PROBLEM REQUIREMENTS → Pictures excluded, reproduce exactly the lines below from the one with "Lipoabdominoplastia con IGG" through the one with "[upl. by Adlin86]", both included.

INFORMATION PROVIDED →
Start of Block
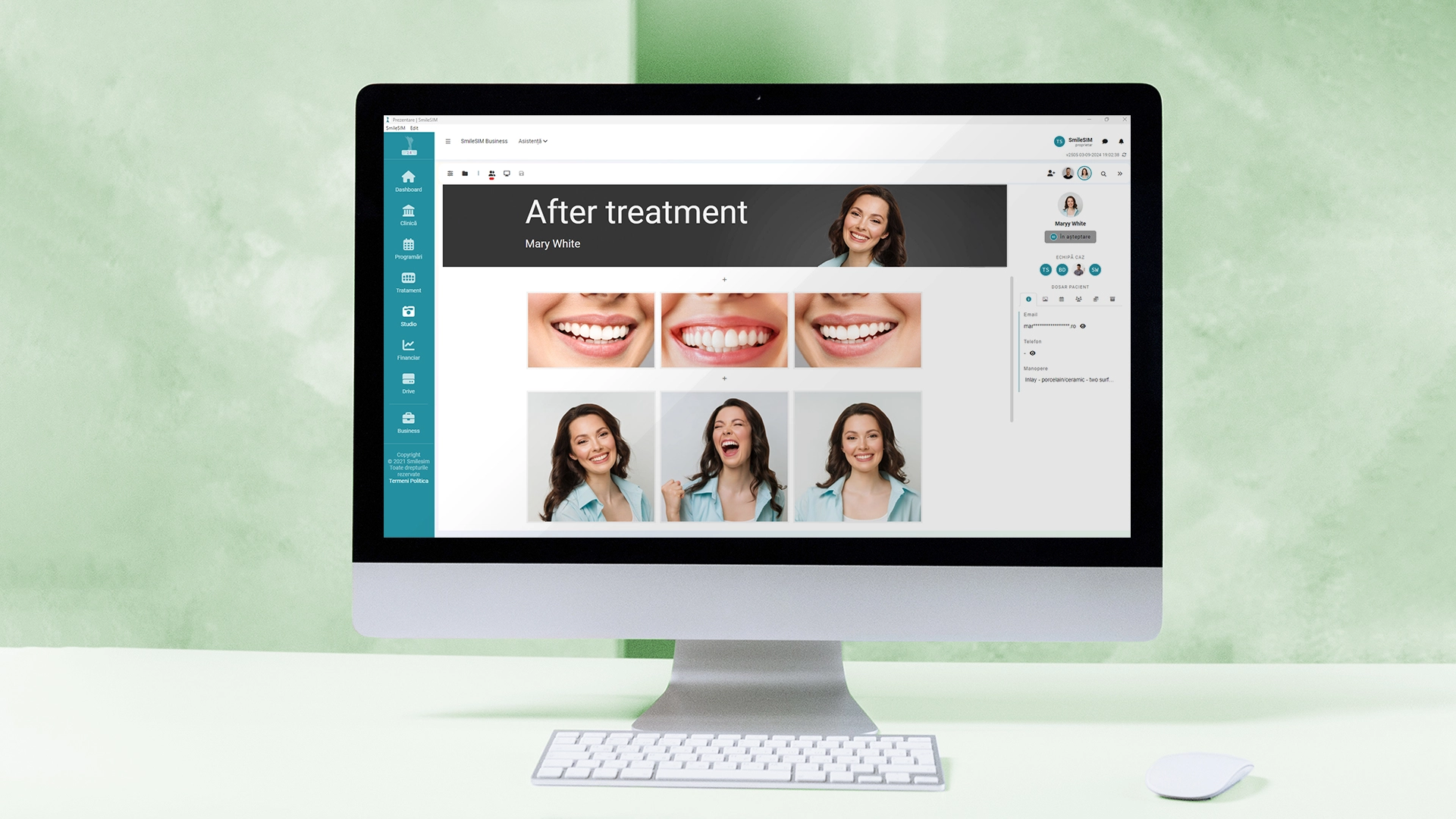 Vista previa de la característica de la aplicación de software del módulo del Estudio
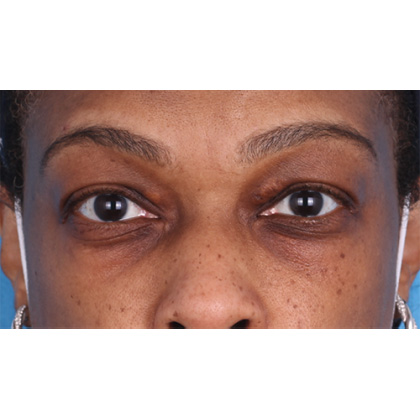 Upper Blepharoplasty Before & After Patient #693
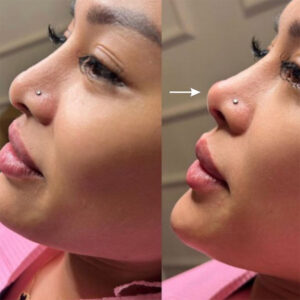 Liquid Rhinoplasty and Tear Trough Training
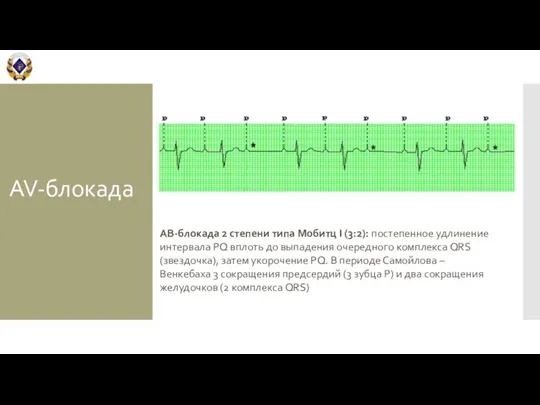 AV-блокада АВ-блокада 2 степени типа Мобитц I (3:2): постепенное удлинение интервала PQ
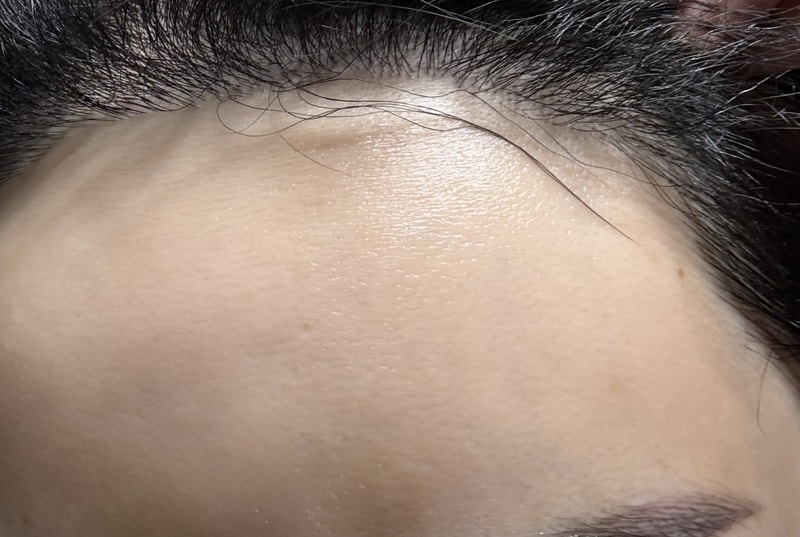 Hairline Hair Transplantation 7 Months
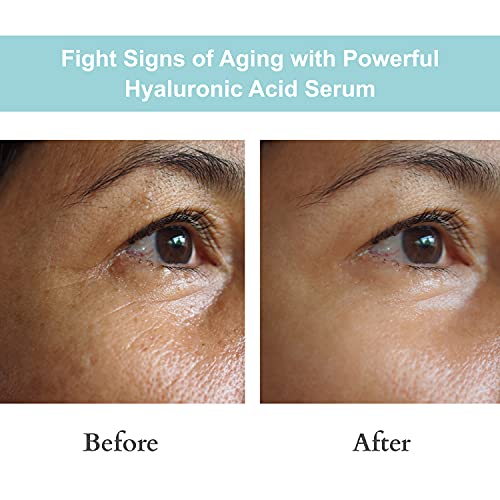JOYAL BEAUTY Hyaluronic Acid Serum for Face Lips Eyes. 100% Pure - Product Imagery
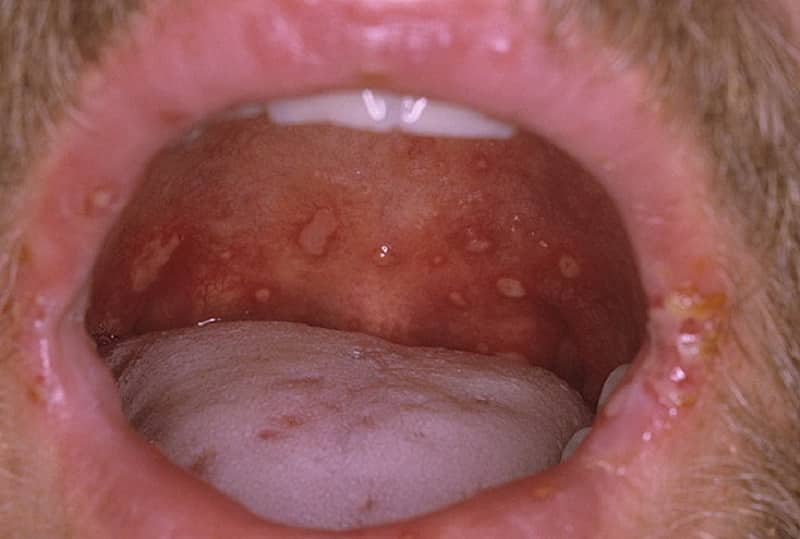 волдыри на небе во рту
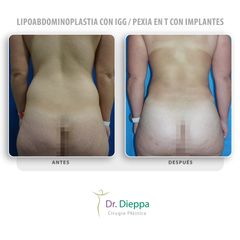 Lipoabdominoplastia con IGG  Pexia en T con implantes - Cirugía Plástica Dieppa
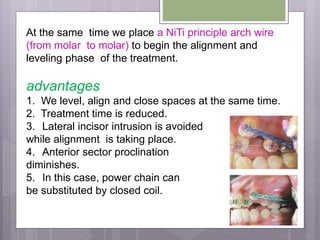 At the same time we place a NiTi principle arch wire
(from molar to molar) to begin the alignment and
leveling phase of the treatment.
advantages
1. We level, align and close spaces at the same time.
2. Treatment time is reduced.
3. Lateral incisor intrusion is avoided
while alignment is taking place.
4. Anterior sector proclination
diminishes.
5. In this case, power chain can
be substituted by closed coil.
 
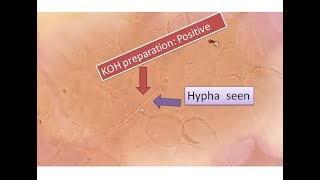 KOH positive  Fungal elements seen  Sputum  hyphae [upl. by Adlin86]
End of Block
Start of Block
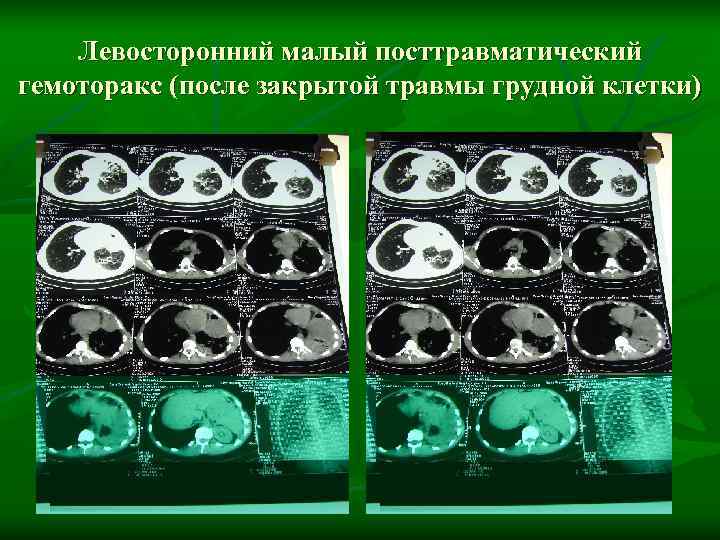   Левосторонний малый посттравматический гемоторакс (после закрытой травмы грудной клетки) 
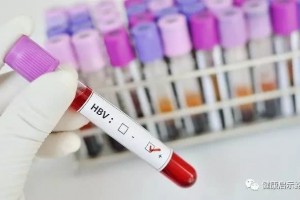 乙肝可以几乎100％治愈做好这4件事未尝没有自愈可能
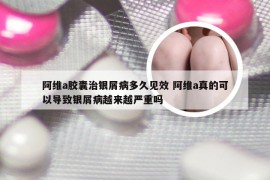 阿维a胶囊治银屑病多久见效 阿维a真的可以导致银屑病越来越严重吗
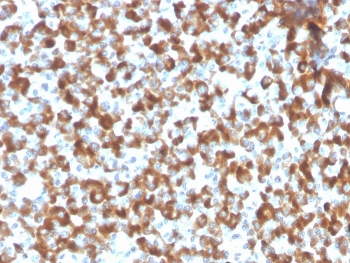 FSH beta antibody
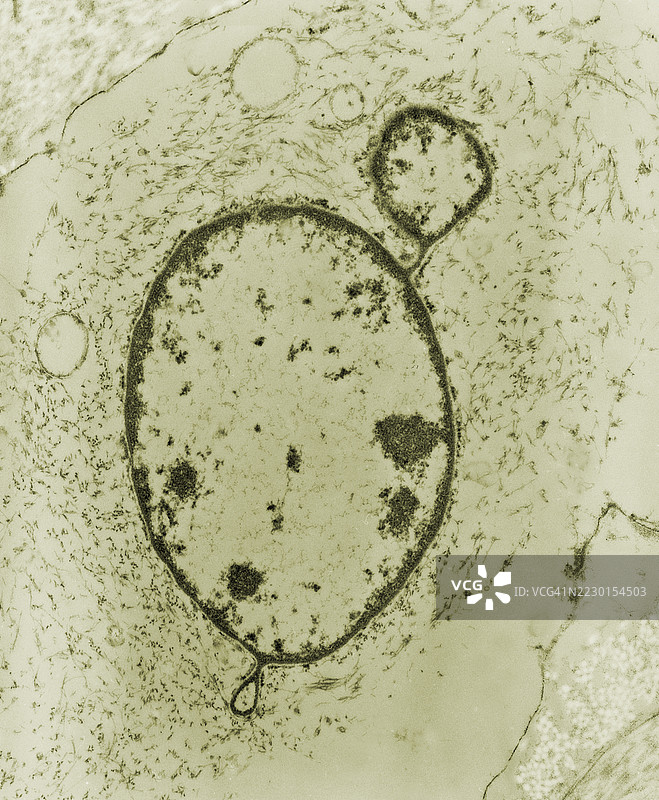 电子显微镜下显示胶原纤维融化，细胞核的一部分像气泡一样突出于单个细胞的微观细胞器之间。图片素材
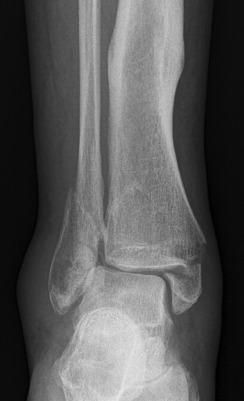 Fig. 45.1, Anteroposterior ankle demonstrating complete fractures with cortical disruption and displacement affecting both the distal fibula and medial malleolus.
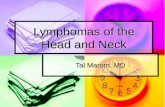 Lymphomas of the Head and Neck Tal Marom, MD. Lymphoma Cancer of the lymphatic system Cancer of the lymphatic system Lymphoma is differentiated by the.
End of Block
Start of Block
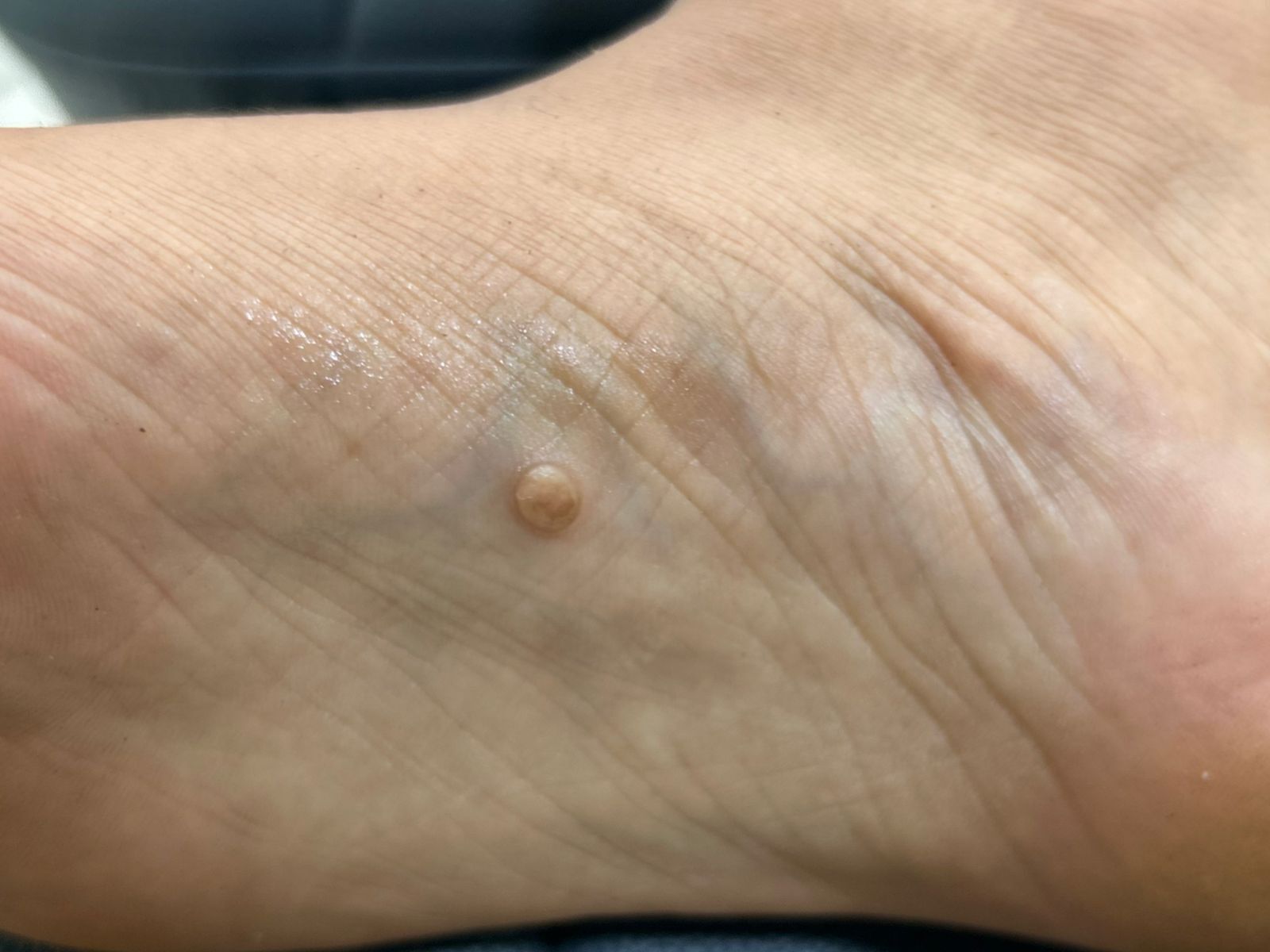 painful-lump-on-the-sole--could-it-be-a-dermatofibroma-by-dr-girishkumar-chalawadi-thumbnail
End of Block
SOLUTION TO THE PROBLEM →
 Lipoabdominoplastia con IGG  Pexia en T con implantes - Cirugía Plástica Dieppa
 At the same time we place a NiTi principle arch wire
(from molar to molar) to begin the alignment and
leveling phase of the treatment.
advantages
1. We level, align and close spaces at the same time.
2. Treatment time is reduced.
3. Lateral incisor intrusion is avoided
while alignment is taking place.
4. Anterior sector proclination
diminishes.
5. In this case, power chain can
be substituted by closed coil.
 
 KOH positive  Fungal elements seen  Sputum  hyphae [upl. by Adlin86]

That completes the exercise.